Every line below from the one with "Luxurious 100% Cashmere" through the one with "Mother Of Pearl Rose On Blue Cremation Urn" should be retyped exactly, both ends included; no other lines and no pictures.

DATASET ENTRIES:
+++
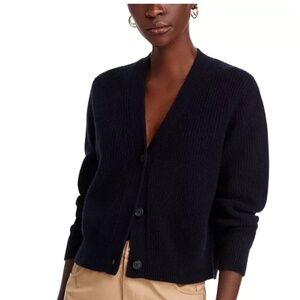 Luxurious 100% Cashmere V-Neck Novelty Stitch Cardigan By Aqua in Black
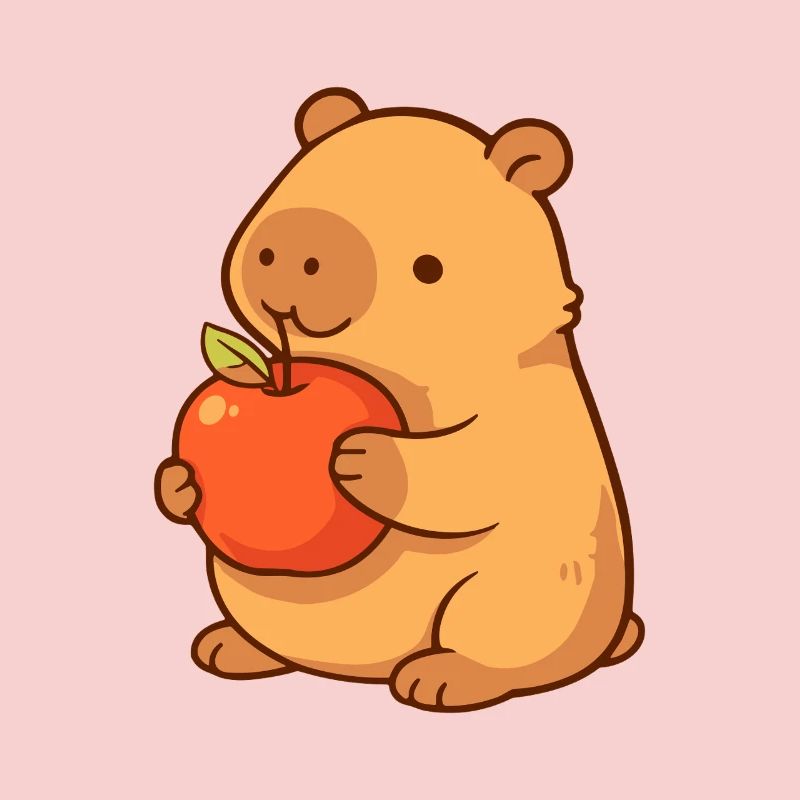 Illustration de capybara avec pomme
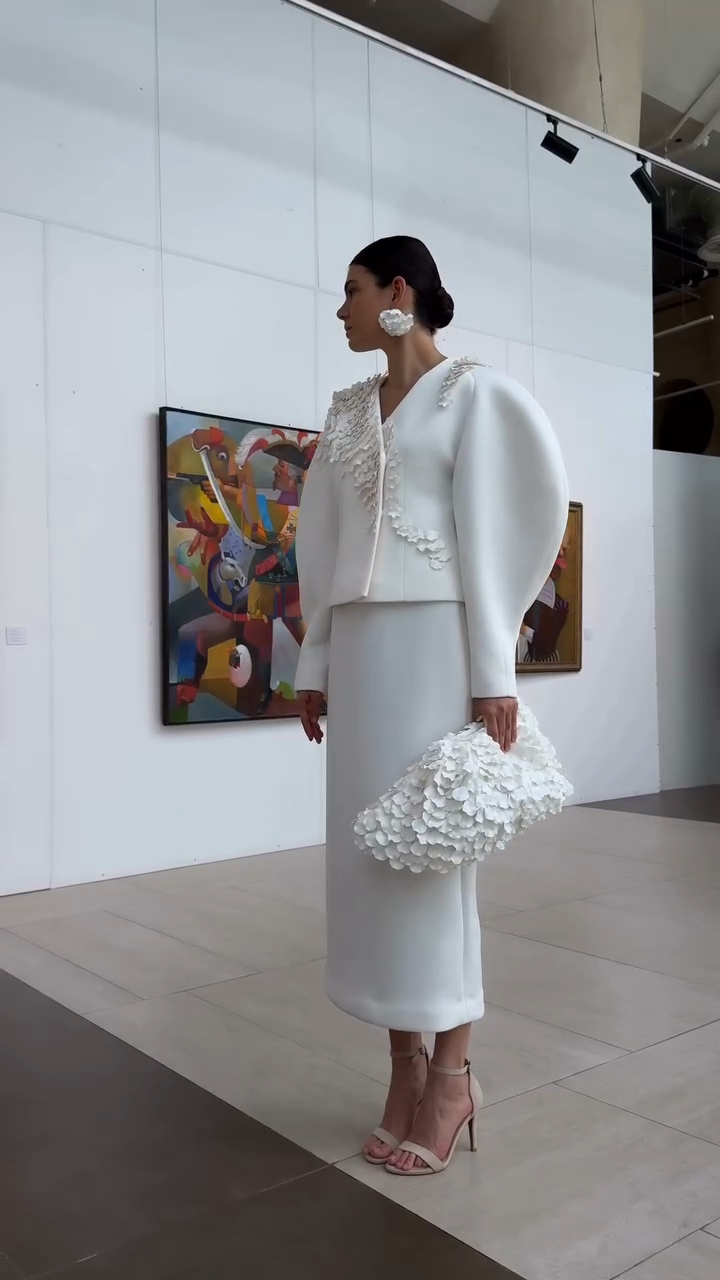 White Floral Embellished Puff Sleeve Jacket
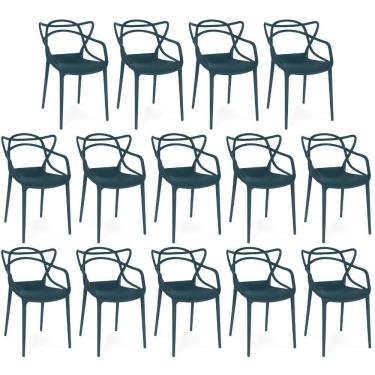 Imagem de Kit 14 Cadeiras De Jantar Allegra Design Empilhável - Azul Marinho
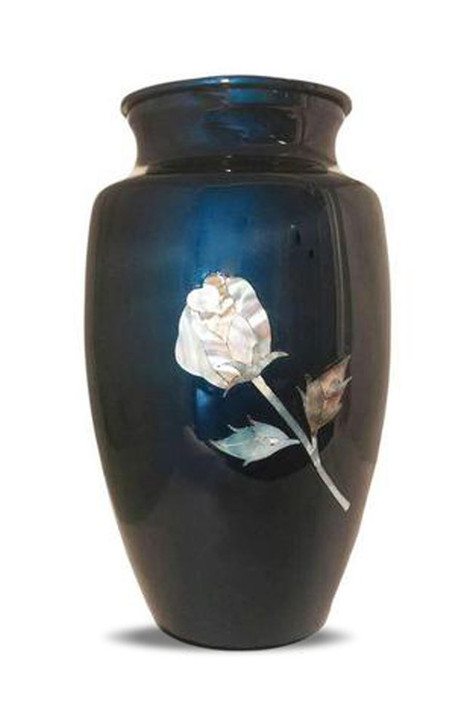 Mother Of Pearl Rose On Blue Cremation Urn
+++
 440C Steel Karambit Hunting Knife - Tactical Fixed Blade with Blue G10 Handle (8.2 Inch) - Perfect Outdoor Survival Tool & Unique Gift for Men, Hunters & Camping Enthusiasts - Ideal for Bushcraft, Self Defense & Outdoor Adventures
+++
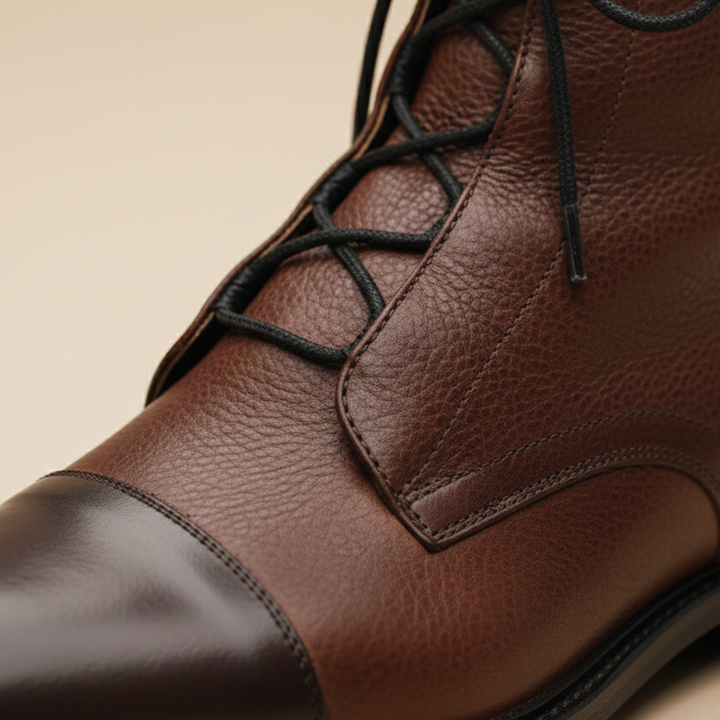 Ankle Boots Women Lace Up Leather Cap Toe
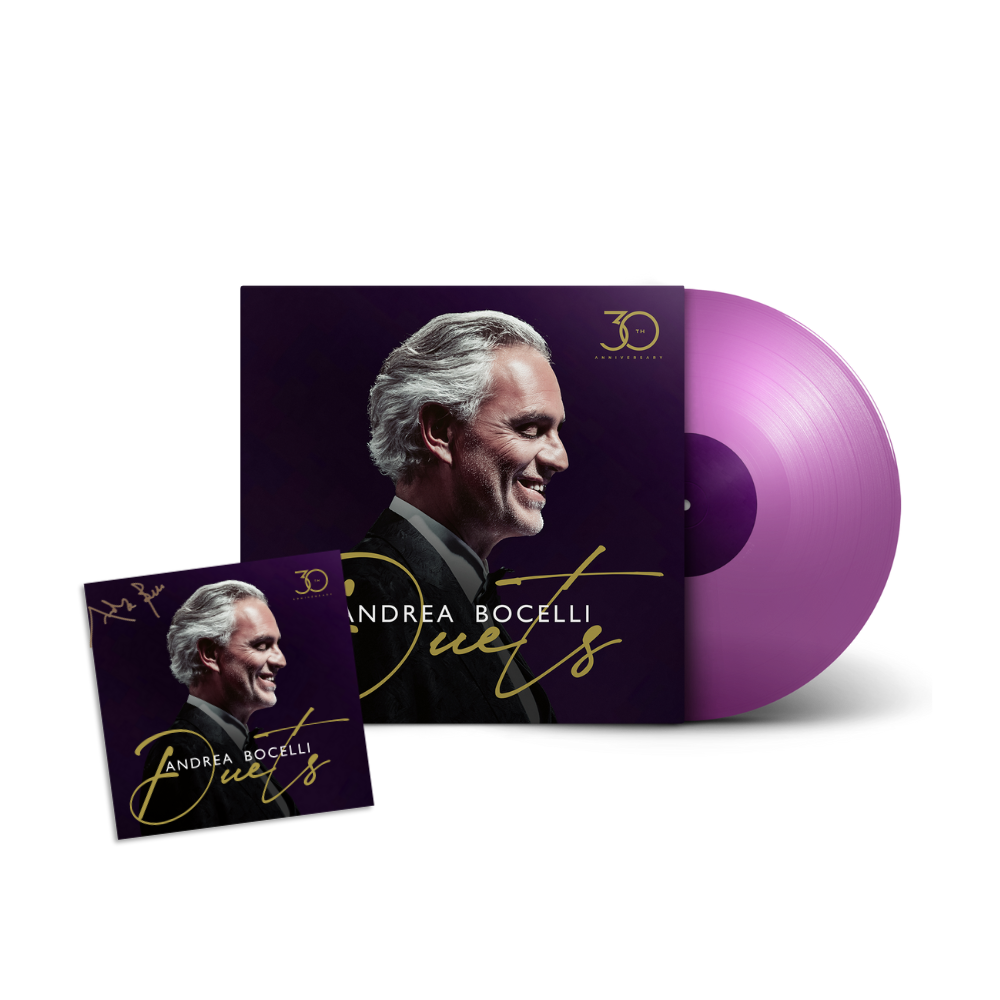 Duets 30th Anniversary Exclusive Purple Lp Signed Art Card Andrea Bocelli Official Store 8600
+++
ANSWER BELOW:
 Luxurious 100% Cashmere V-Neck Novelty Stitch Cardigan By Aqua in Black
 Illustration de capybara avec pomme
 White Floral Embellished Puff Sleeve Jacket
 Imagem de Kit 14 Cadeiras De Jantar Allegra Design Empilhável - Azul Marinho
 Mother Of Pearl Rose On Blue Cremation Urn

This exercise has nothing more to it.